Ce prénom m'a valu des moqueries à plusieurs reprises. Autrefois, je le détestais, puis j'ai fini par m'y faire et même si je préfère qu'on m'appelle par mon diminutif, Maxime fait partie de moi.

— Très bien. En tout cas, ça te va pas trop mal, lâche-t-il platement.

Je ne lui demande pas si c'est un compliment et l'observe avec attention. Il semble mal à l'aise et raide. Cet homme est vraiment étrange.

— Et vous ? osé-je.

— Tu te doutes que ce n'est pas Le Photographe. Je m'appelle Seth.

J'enregistre son nom alors que le serveur nous apporte nos boissons chaudes. J'attrape la tasse et en bois précipitamment une gorgée lorsque le malaise me gagne.
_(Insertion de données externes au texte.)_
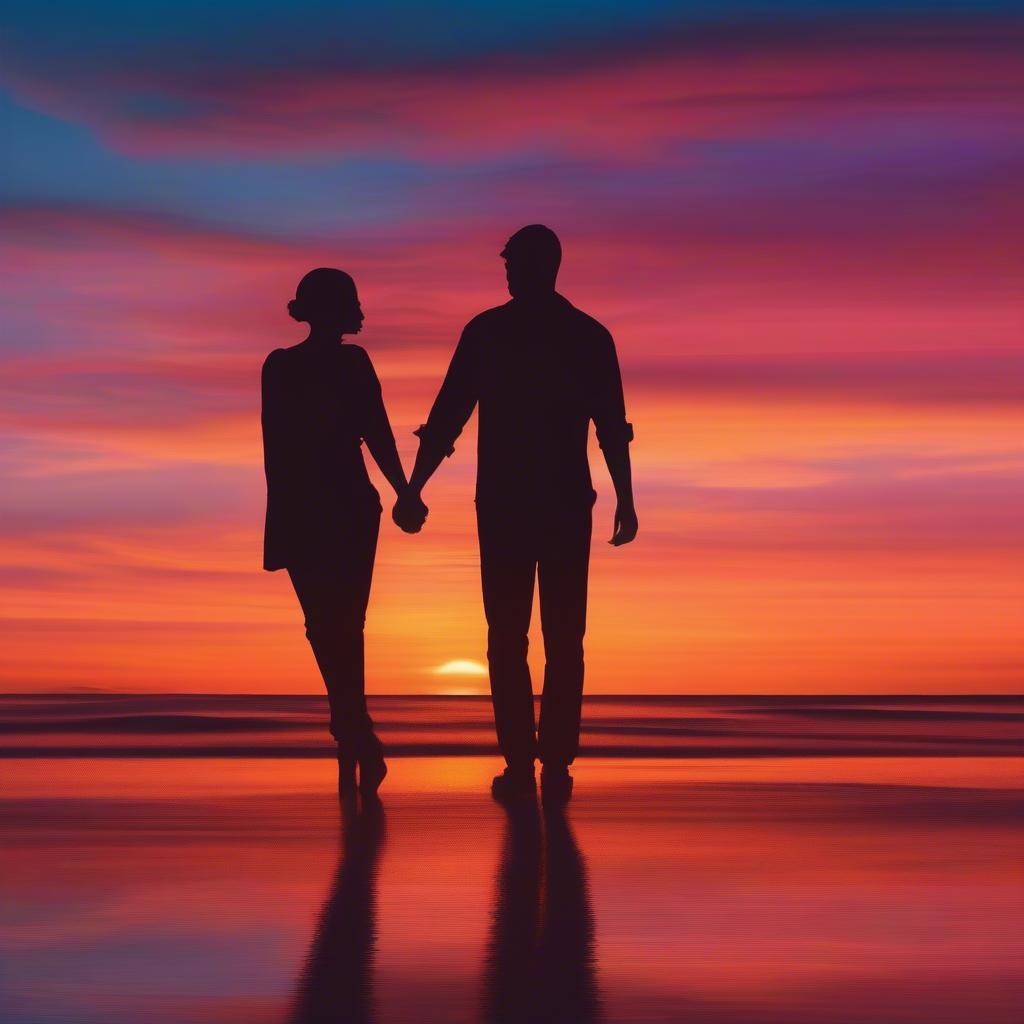 Couple Holding Hands at Sunset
Je ne sais pas ce que je fais là ni pourquoi il semble s'intéresser à moi. Le liquide me brûle la gorge et je retiens la toux qui me gagne. La demi-heure suivante, c'est lui qui dirige la conversation. Nous parlons de choses futiles, comme ma chanson préférée ou encore mon film favori. Il se moque du fait que ce dernier soit Moulin Rouge et je me contente de lui adresser un sourire pincé. Le peu de questions que je lui pose n'obtiennent aucune réponse concrète puisqu'il se contente à chaque fois de détourner la conversation. Comme si sa couleur préférée devait rester secrète. Par moments, il est détendu et à d'autres, il devient aussi froid que la glace. Je n'arrive donc pas à saisir le sens de ce « rendez-vous ».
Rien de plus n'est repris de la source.